- TASK GOAL:
Quote the records beneath, complete and exact. Leave out images.

________

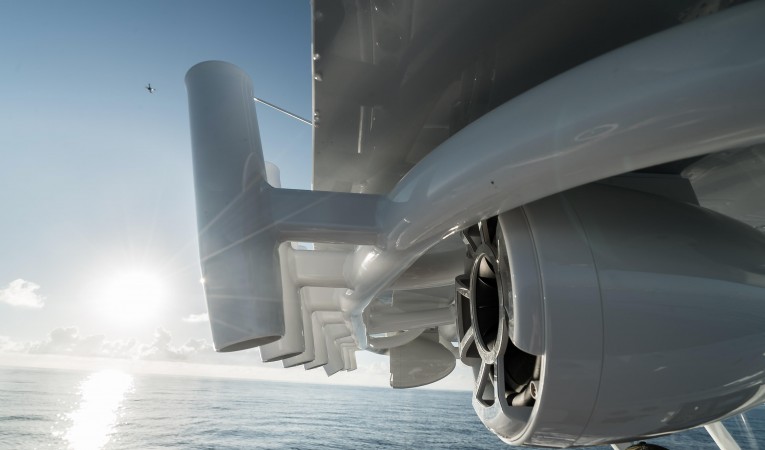 33 SeaHunter Rodholders 2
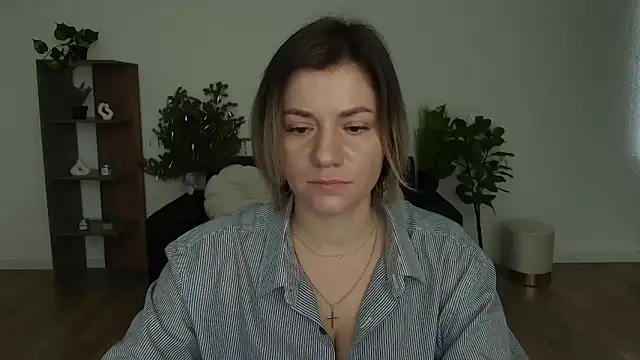 Snapshot of MariaSttone chatting on January 31, 2025, 9:27 am MariaSttone online show from January 31, 2025, 9:27 am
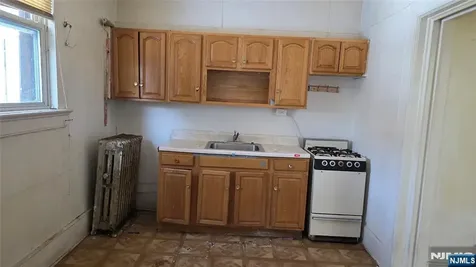 570--574 Mount Prospect Newark NJ 07104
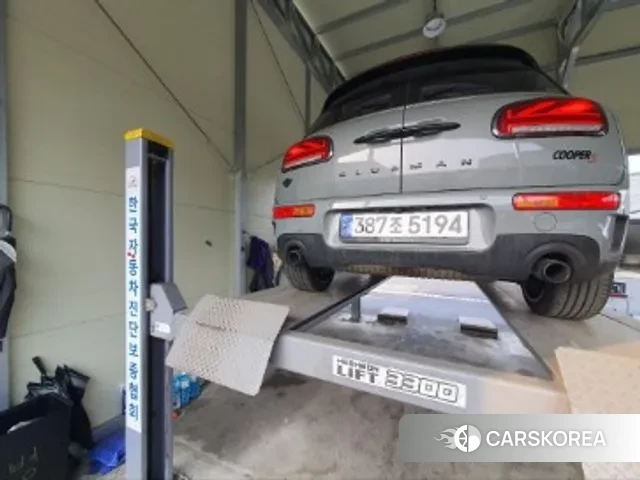 Mini Cooper S Clubman 2022 Серебристо-серый из Кореи, фото 2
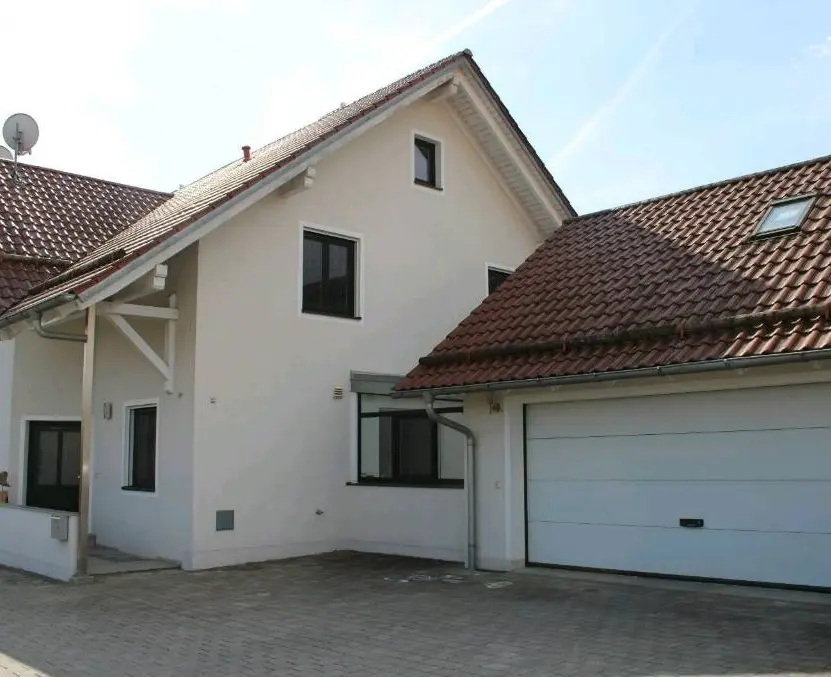 4 Zimmer Haus mit 175 m² in Landshut – Bild 1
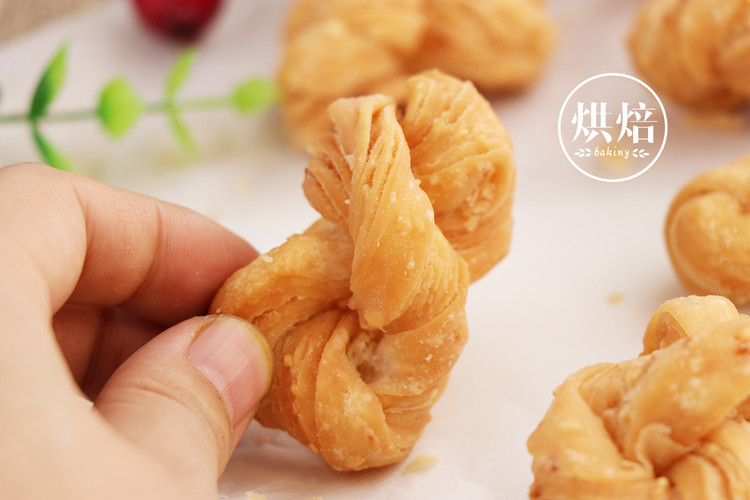 酥炸麻花的做法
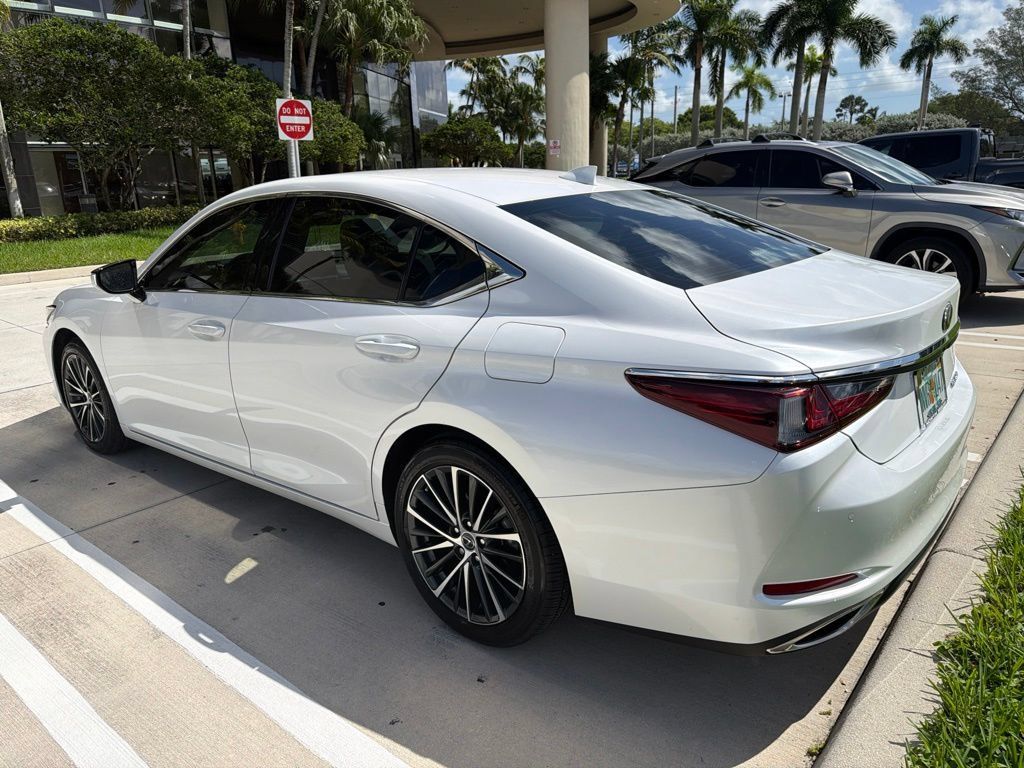 Used 2025 Lexus ES 350 w/ Premium Package FWD image 12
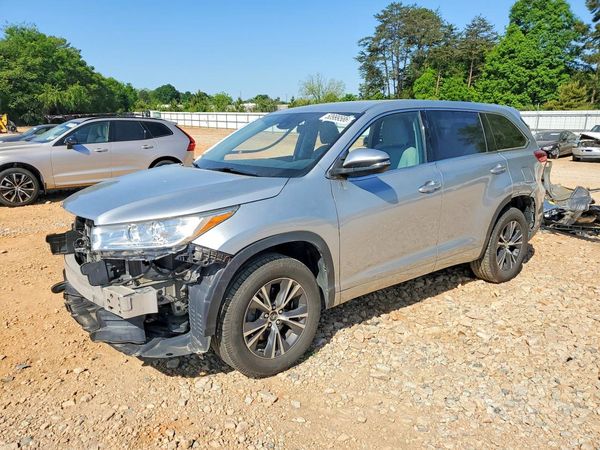 2017 TOYOTA HIGHLANDER LE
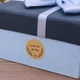 Круглые наклейки - этикетки в рулоне HANDMADE WITH LOVE стикеры из крафт-бумаги для хенд-мейд подарков / упаковки, 500 шт, бежевые (96202515) - изображение 2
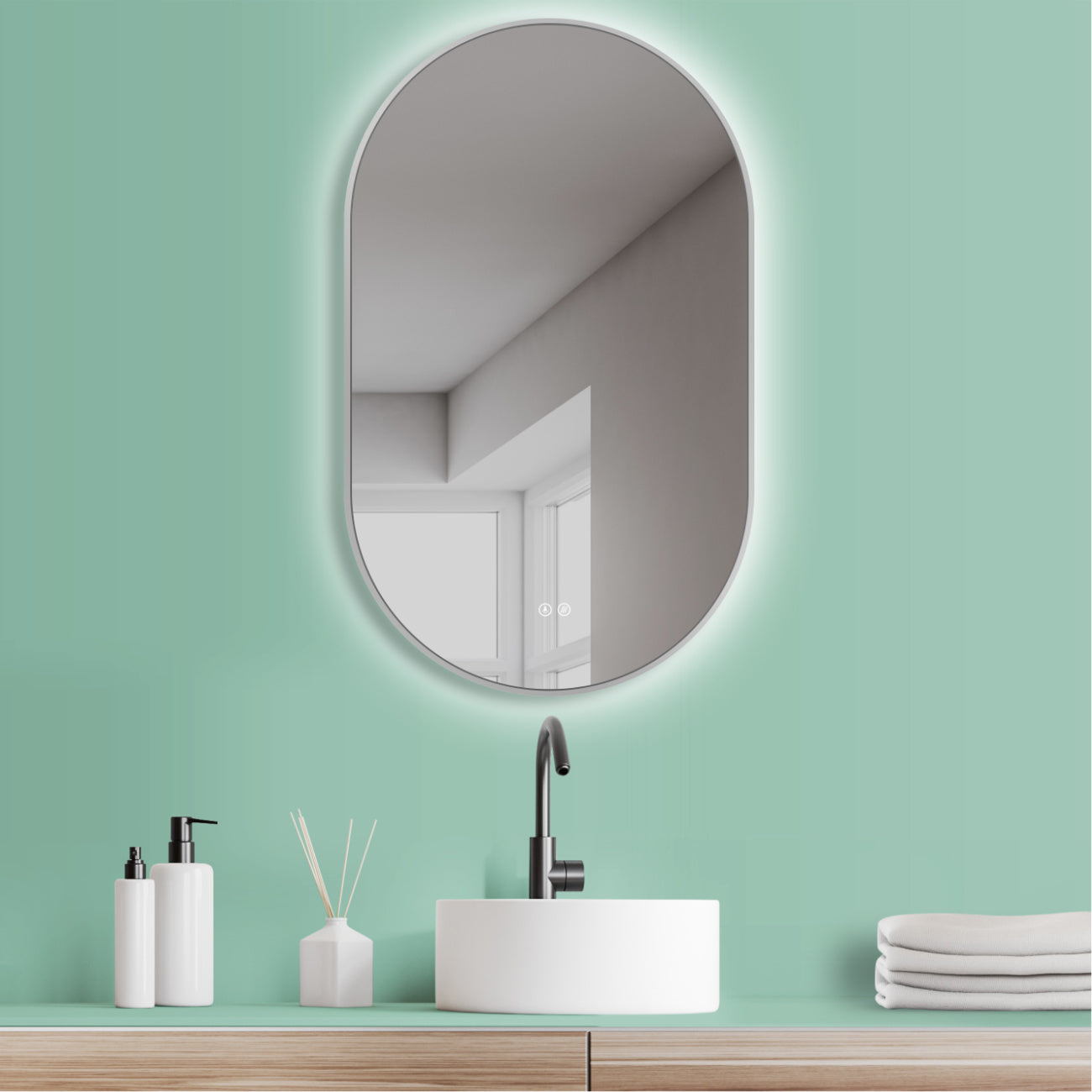 ANTIBESCHLAG LED Badspiegel oval mit Weiß Rahmen, Lichtwechsel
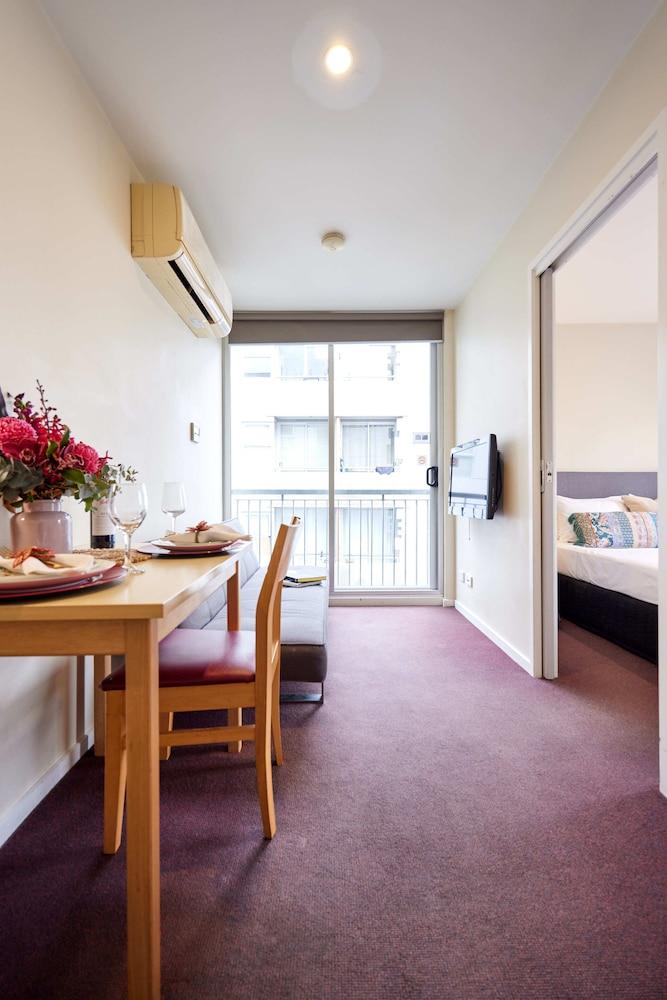 Arrow On Swanston Room Type - Deluxe One Bedroom Apartment Arrow On Swanston Room Type - Deluxe One Bedroom Apartment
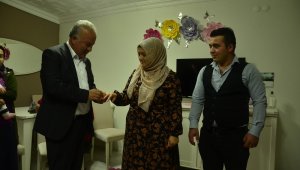 Başkan Şahin, önce kız istedi sonra yüzükleri taktı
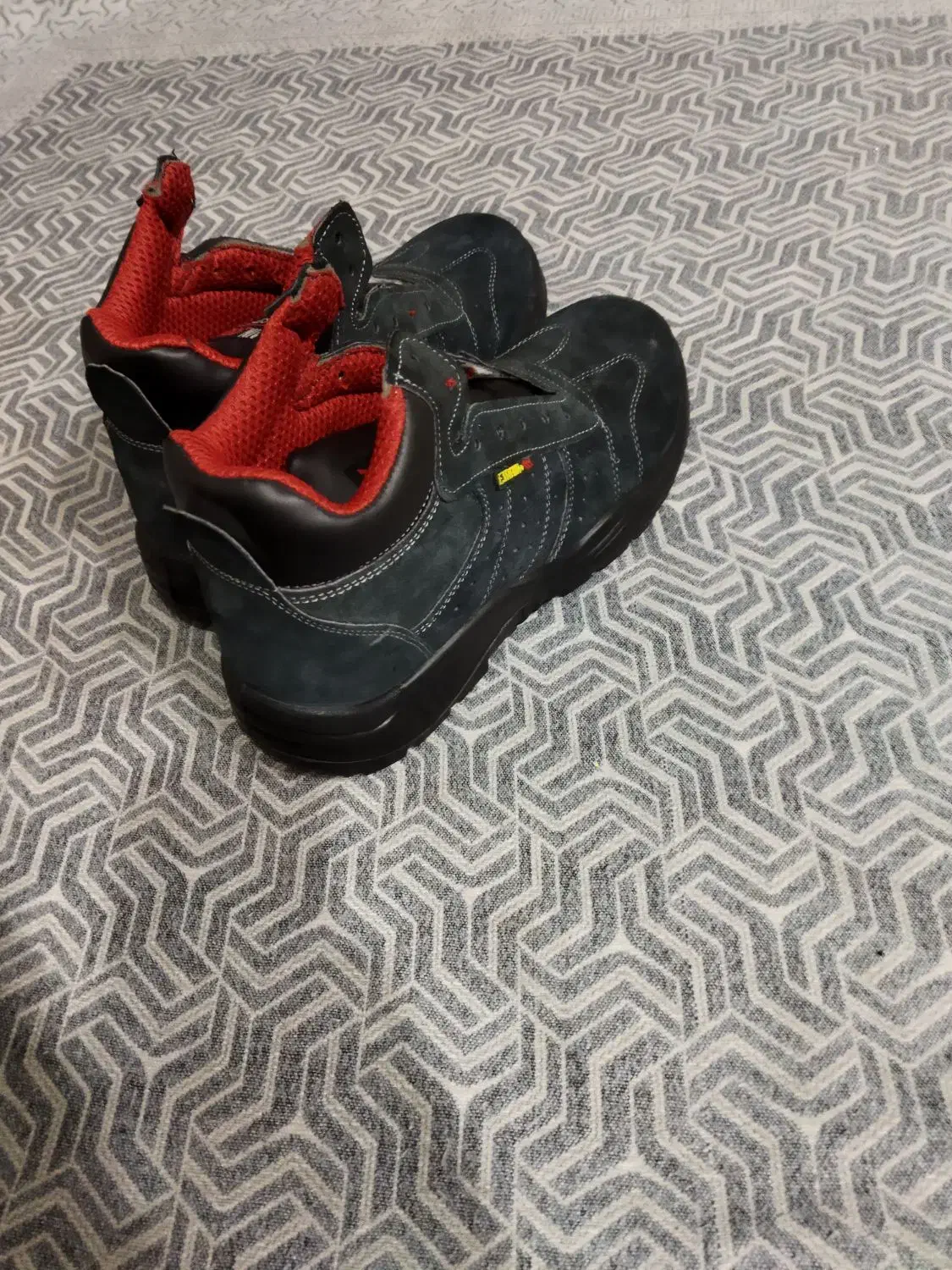 کفش ایمنی|کیف، کفش، کمربند|پاکدشت, خاتون آباد|دیوار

________

- ANSWER FOR THE TASK:
 33 SeaHunter Rodholders 2
 Snapshot of MariaSttone chatting on January 31, 2025, 9:27 am MariaSttone online show from January 31, 2025, 9:27 am
 570--574 Mount Prospect Newark NJ 07104
 Mini Cooper S Clubman 2022 Серебристо-серый из Кореи, фото 2
 4 Zimmer Haus mit 175 m² in Landshut – Bild 1
 酥炸麻花的做法
 Used 2025 Lexus ES 350 w/ Premium Package FWD image 12
 2017 TOYOTA HIGHLANDER LE
 Круглые наклейки - этикетки в рулоне HANDMADE WITH LOVE стикеры из крафт-бумаги для хенд-мейд подарков / упаковки, 500 шт, бежевые (96202515) - изображение 2
 ANTIBESCHLAG LED Badspiegel oval mit Weiß Rahmen, Lichtwechsel
 Arrow On Swanston Room Type - Deluxe One Bedroom Apartment Arrow On Swanston Room Type - Deluxe One Bedroom Apartment
 Başkan Şahin, önce kız istedi sonra yüzükleri taktı
 کفش ایمنی|کیف، کفش، کمربند|پاکدشت, خاتون آباد|دیوار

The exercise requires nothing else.